Lo que me dijo me pareció una chaladura, de hecho si uno lee el Financial Times de cuando en cuando ya deberíamos estar todos muertos y enterrados en fosas comunes que habrían cavado algunos voluntarios alemanes. Ayer, leyendo a Paul Krugman (nobel de economía, que algo es, diría yo) empecé a pensar que aquella teoría de bombero no era más que una obviedad que yo había malinterpretado simplemente porque mi formación económica se limita a la lectura de algunos libros probablemente demasiado genéricos sobre el asunto.
Así que (no voy a negarlo) por primera vez desde que empezó esta maldita crisis he empezado a sentir un acojone tangible y real que esta mañana ha tocado techo cuando la prima de riesgo se ha disparado hasta los 490 puntos básicos.
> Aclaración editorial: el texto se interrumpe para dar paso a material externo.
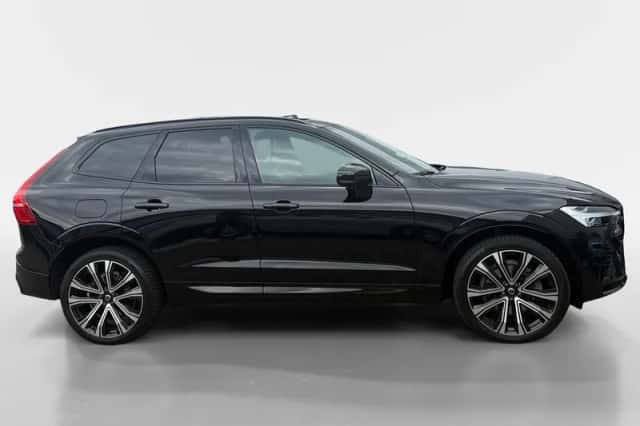 Volvo XC60 (2021) thumbnail 4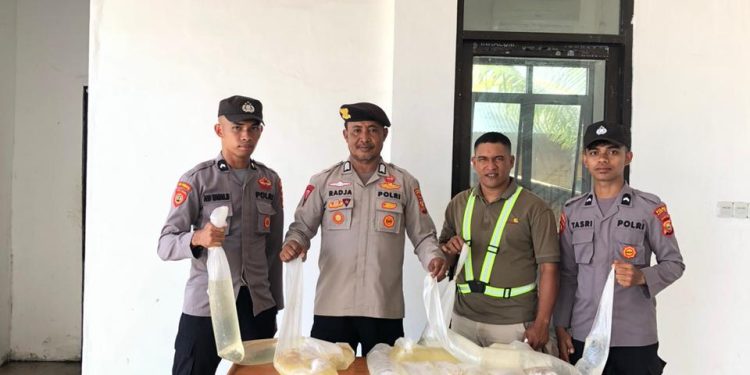POLRES HALTENG KEMBALI AMANKAN MIRAS TRADISIONAL JENIS CAP TIKUS DI ATAS KAPAL CANTIKA LESTARI 10C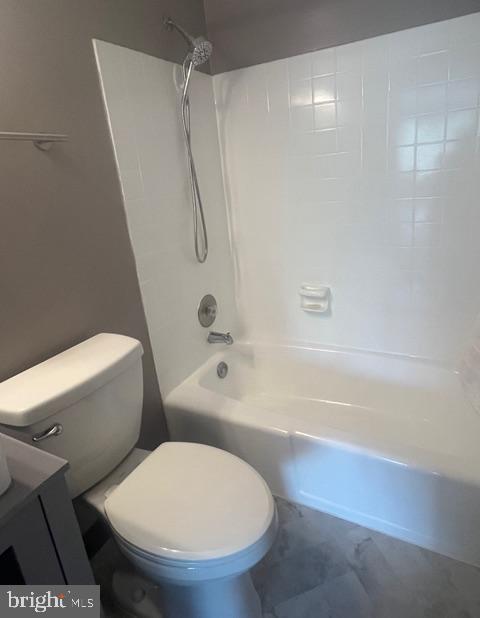 5340 HOLMES RUN PKWY #405, ALEXANDRIA, Virginia 22304, 3 Bedrooms Bedrooms, ,2 BathroomsBathrooms,Residential,For sale,5340 HOLMES RUN PKWY #405,VAAX2051126 MLS # VAAX2051126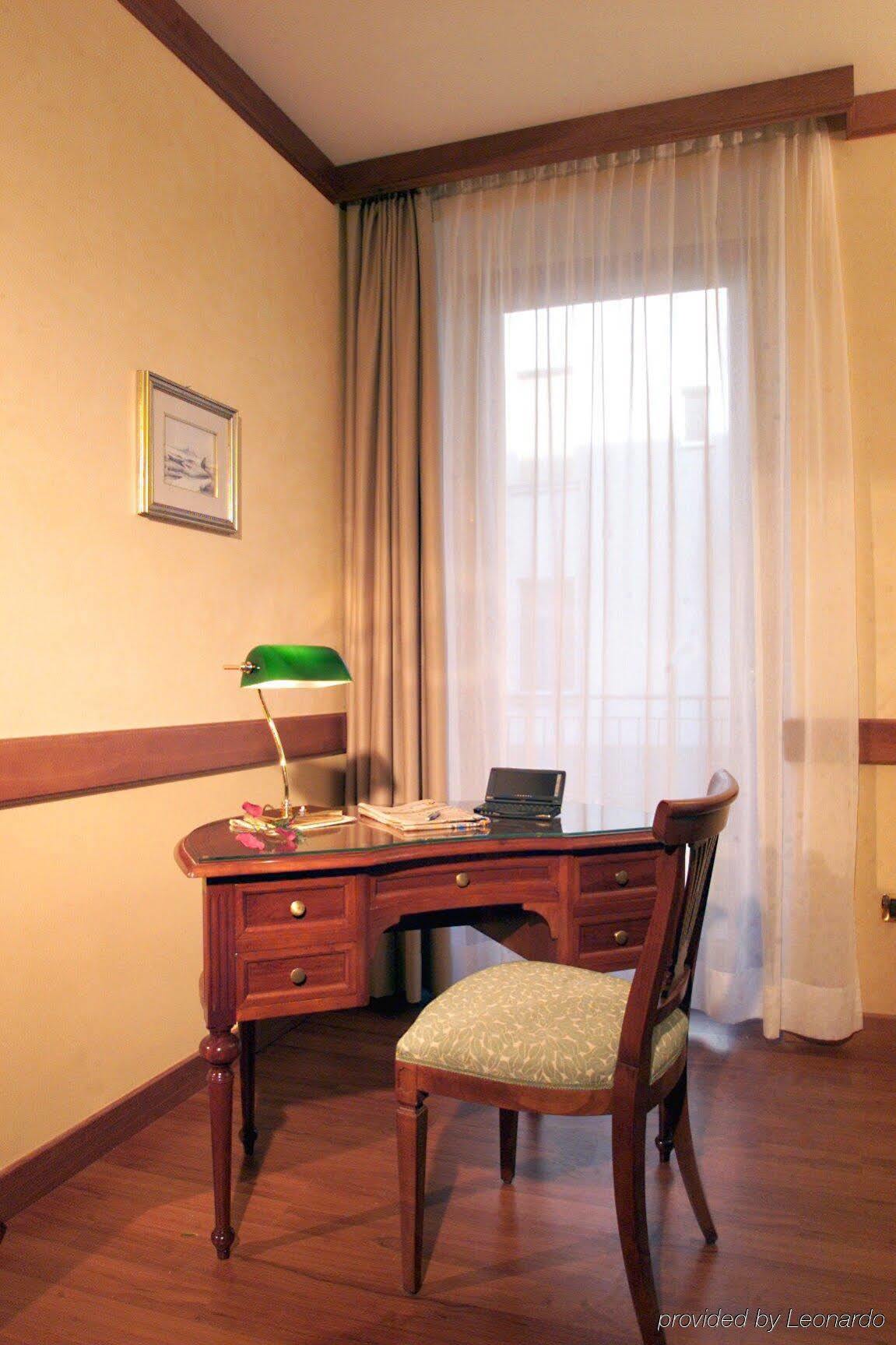 Venezia Hotel 4*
No me consuela que de momento la crisis me haya dejado de lado ni que algún optimista sin oficio ni beneficio diga que son todo habladurías (ahora pienso en ese lumbreras alemán que ha dicho que “las reformas de Rajoy empiezan a notarse”; pues será en tu casa teutón de los cojones) y a los ultra-liberales que ven en cada caída una oportunidad para aplicar recetas que ya eran viejas en la América de los años 80 (y ahora me acuerdo de cuando Ronald Reagan declaró que los auténticos culpables de la contaminación eran “los árboles”; sí, lo dijo).
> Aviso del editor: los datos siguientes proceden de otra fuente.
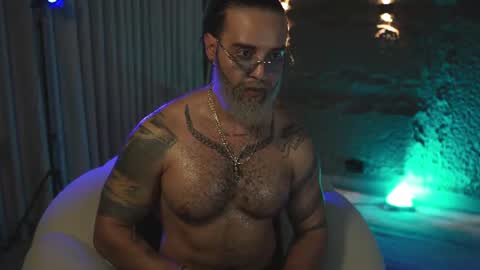 logan_cardenas1 online show from June 11, 12:32 am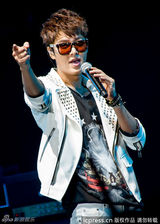 组图：李敏镐上海歌迷会皮衣搭印花T耍帅引尖叫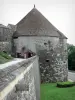 Langres - Las paredes y las torres de Navarra y de Orval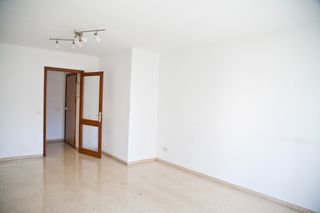 Flat  Carrer ricard ankerman. Amplio y luminoso piso de 3 dormitorios en zona avenidas, palma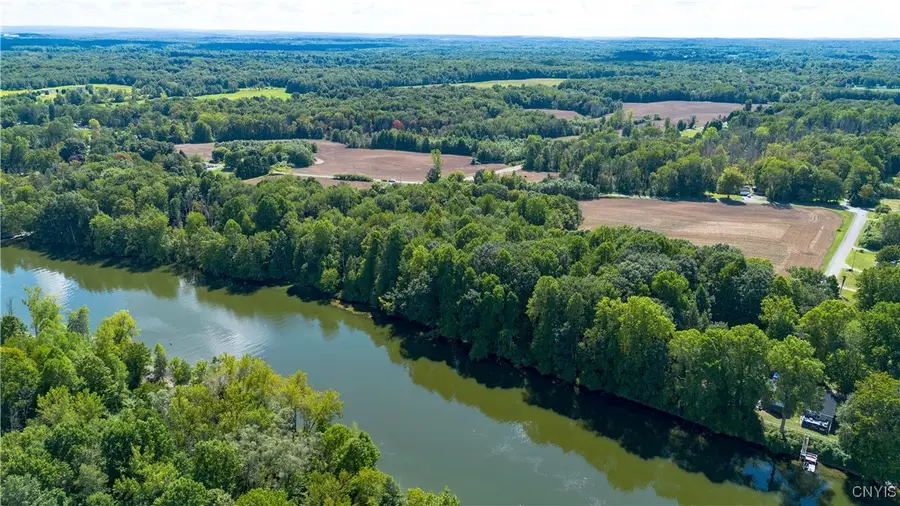 36 Whitewood Tract, Phoenix, NY 13135 - Image #2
Después oigo a los del FMI decir por lo bajini que para rescatar a Bankia (ese engendro con peor encaje que la Yugoslavia de Tito) se necesitarán un mínimo de 60.000 millones de euros y al presidente del Gobierno afirmar que “este gobierno no negocia” (no, claro que no, de cuando en cuando vamos a Alemania a pedir caridad con la barbilla mirando al pecho) y mi convicción de que nos vamos directos a tomar viento se asienta definitivamente.
Y ahora, ¿cómo coño les digo yo que se vayan al puto cine a ver una película?. Con esos exhibidores que prefieren tener las salas vacías a bajar los precios, que ajustan la potencia de los proyectores al mínimo para ahorrarse cuatro euros y cuyo único objetivo es vender las jodidas palomitas. Esos cines donde ya no se respeta al espectador, donde al cinéfilo se le trata como a un empestado y donde un niñato con un móvil es más importante que un montón de tipos que solo quieren ver la película de turno. ¿Y estos payasos aún aspiran a hacer negocio?.
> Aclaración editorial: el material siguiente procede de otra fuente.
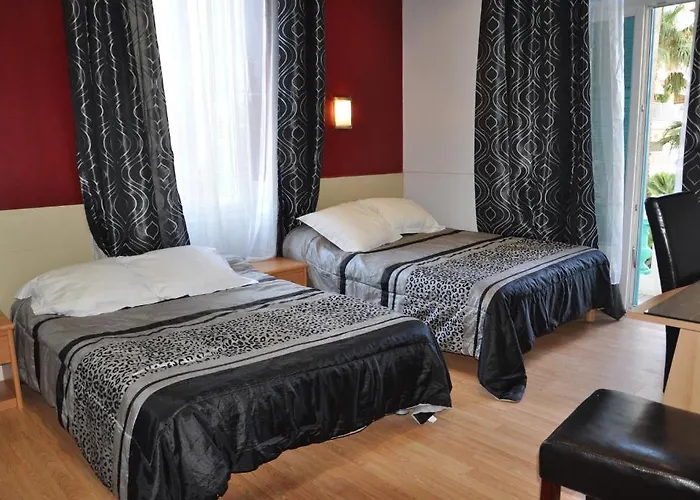 Hotel Carlone 2*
Y todo esto, amigos y amigas, me lleva a mi reflexión final: Dios no existe.
No, no se escandalicen todavía. Porque querido Señor, si estás ahí aún puedes rectificar.
Digo que no existe porque si existiera en este preciso momento me enviaría un lanzallamas, dos cajas de granadas de mano, cien barras de C4 y un papel en el que pondría «Por la autoridad que me confiere el reino de los cielos confiero al portador de este documento la inmunidad total, por horrendos y fatuos que sus actos pudieran parecer. Firmado: DIOS».
(Y no, esto tampoco se arregla acampando en plazas y con asambleas en que 20.000 personas levantan la mano).
Disfruten mientras puedan, que ya queda menos, somos como un enano metido en un carro del Alcampo y lanzados desde un avión Hércules a 10.000 pies de altura al que el piloto le dice treinta segundos antes de abrir la trampilla «no te preocupes, tú agita los brazos con fuerza, quién sabe, igual hasta vuelas. Gilipollas».
T.G.
P.D.: de momento no me ha llegado mi pedido del cielo, ¿debería perder la fe?.
P.D.2: ¿Aún no han visto Los vengadores? Encuentren un cine en condiciones donde la seguridad sea risible y cuélense sin cargo de conciencia alguna. La película, ya se lo digo yo, es cojonuda y solo por ver a Hulk rompiendo cosas y chafando cabezas ya vale la pena. De nada.